In a press release dated Tuesday, February 4th, 2014, PHMSA alleged that eleven of the eighteen crude oil samples tested between the end of August and the beginning of November, 2013, were incorrectly classified as to Packing Group Assignment. The Notices of Proposed Violation issued for these alleged errors will go to three companies variously involved in the transport chain of the samples in question; Hess Corporation, Whiting Oil and Gas Corporation, and the Marathon Oil Company.

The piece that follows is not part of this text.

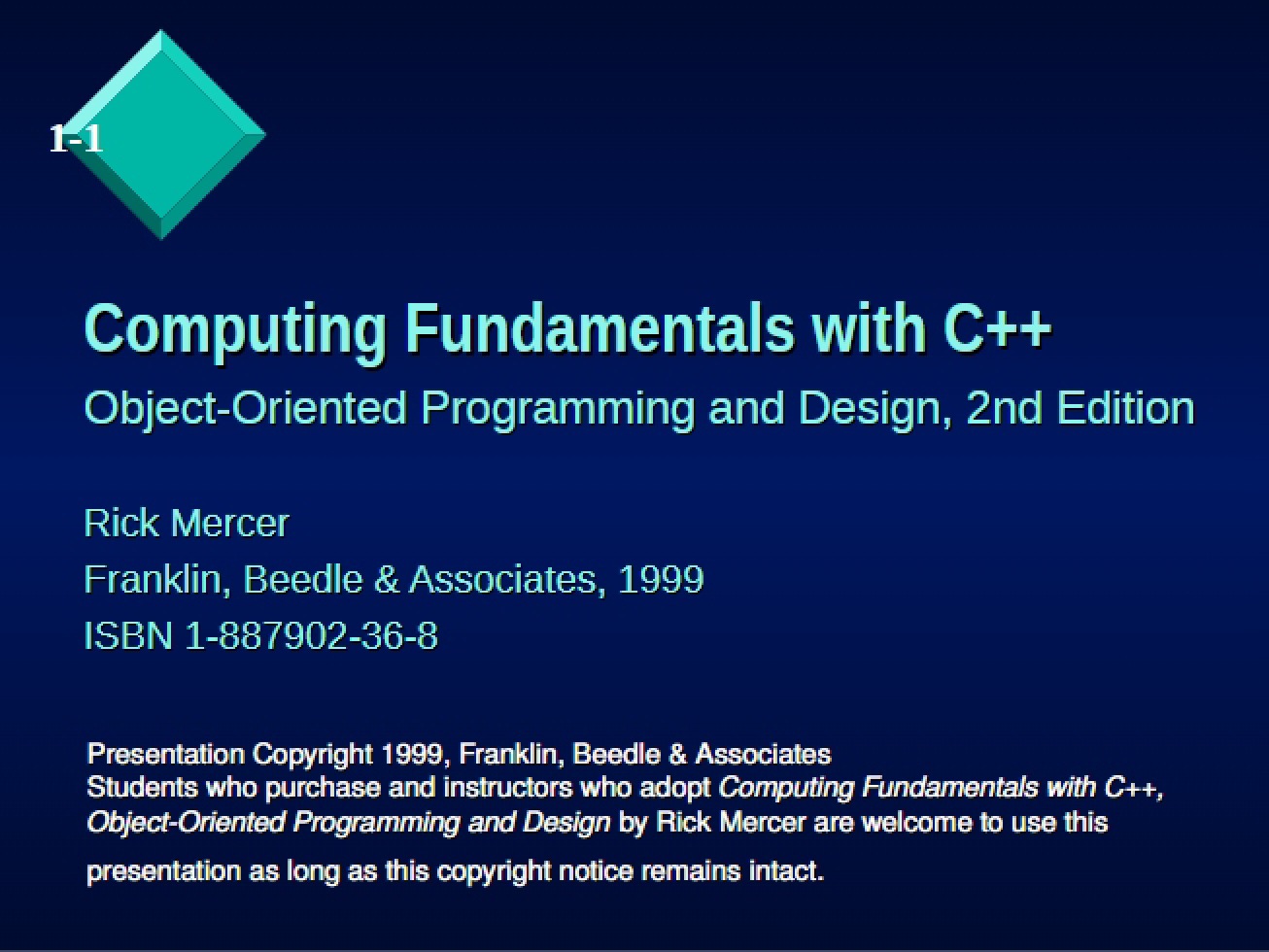 Fundamentals of Computing using C++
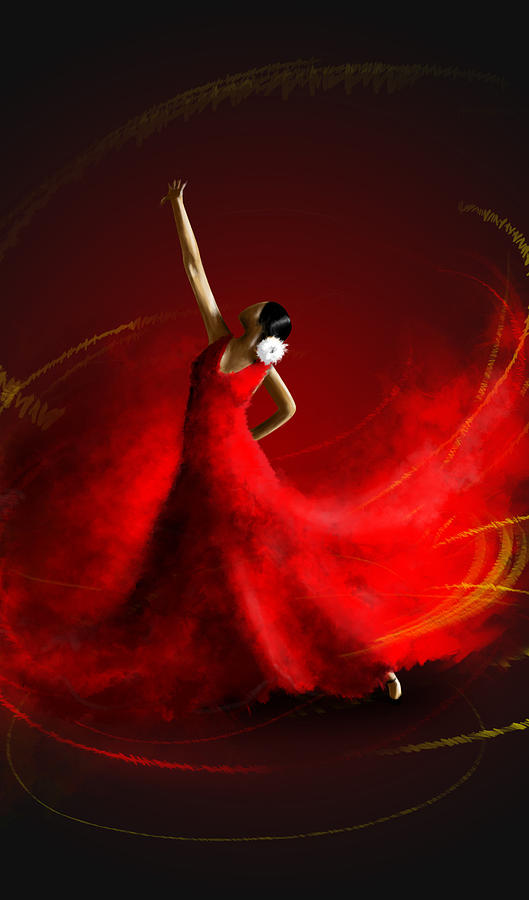 Flamenco Dance Digital Art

Fines attendant to the proposed violation citations come to some $93,000.00 USD. As of press time, the companies’ response to the alleged violations was not available.
PHMSA also announced that as a result of these findings, the current inspection program would be expanded to include testing for other possible material conditions impacting product classification, including Reid Vapor Pressure, corrosivity, Hydrogen Sulfide content, and the composition and concentration of entrained gases in the tested material.
“Operation Classification” is a separate initiative from the concomitant interest in modifying the regulatory requirements governing construction of the so-called “DOT-111” railroad tank car; these cars, of which some 92,000 in number are presently in active service according to an American Association of Railroads (AAR) estimate in late 2013, are the primary carriers of liquid hazardous materials by rail in the United States and Canada. They too figured prominently in the Lac Megantic accident, the regulatory consequences of which continue to reverberate through the crude oil transport chain.